Mitt Romney is SO VERY SAD, you guys. All he wanted was to be President. That’s it. He had a dream, just a simple dream, and You People crushed it. So now he spends his days alone, shuffling around in his $1000 bathrobes, talking to secret service personnel that aren’t there. And Ann! This has been ESPECIALLY hard on Ann, who is Above all of this.
Are we bad people because we are kind of happy to learn that Ann Romney spends her days “crying softly,” trying desperately to adjust to a life filled with mansions and Austrian warmbloods instead of political events and secret service motorcades?
By all accounts, the past month has been most difficult on Romney’s wife, Ann, who friends said believed up until the end that ascending to the White House was their destiny. They said she has been crying in private and trying to get back to riding her horses.
Ha! Ha! Ha! So the joke is on You People, who will just have to find a way to live with the fact that you robbed Mitt of his destiny.
And Mitt.
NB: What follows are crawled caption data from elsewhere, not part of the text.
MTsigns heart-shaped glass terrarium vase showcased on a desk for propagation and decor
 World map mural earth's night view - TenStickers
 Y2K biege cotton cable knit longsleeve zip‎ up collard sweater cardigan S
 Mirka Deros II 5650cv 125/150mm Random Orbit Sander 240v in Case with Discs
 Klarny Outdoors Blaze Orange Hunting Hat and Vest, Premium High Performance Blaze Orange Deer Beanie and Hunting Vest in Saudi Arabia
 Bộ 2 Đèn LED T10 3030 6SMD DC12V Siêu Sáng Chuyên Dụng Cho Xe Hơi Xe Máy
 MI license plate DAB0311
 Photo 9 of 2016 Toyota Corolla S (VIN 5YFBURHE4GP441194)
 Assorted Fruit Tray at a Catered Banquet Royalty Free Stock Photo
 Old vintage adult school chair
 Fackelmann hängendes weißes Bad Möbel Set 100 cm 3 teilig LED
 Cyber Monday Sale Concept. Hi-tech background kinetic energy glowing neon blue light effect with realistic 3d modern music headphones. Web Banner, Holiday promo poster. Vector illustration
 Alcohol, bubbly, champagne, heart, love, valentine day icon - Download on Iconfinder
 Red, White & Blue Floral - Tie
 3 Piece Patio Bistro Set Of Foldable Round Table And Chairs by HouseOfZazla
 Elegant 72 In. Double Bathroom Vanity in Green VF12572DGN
Poor, poor Mitt.
Four weeks after losing a presidential election he was convinced he would win, Romney’s rapid retreat into seclusion has been marked by repressed emotions, second-guessing and, perhaps for the first time in the overachiever’s adult life, sustained boredom, according to interviews with more than a dozen of Romney’s closest friends and advisers… Romney hangs around the house, sometimes alone, pecking away at his iPad and e-mailing his CEO buddies who have been swooping in and out of La Jolla to visit.
Oh and that picture of Mitt pumping gas and looking like who did it and ran? Don’t worry, that is not part of the thing where he is bored and confronting the banality of affluence for the first time in his adult life, and mourning the disappearance of a special servant to make peanut butter honey sandwiches. No, he just looks like that all the time, which is kind of worse in a way, and also makes us happy because (as established) we are bad people.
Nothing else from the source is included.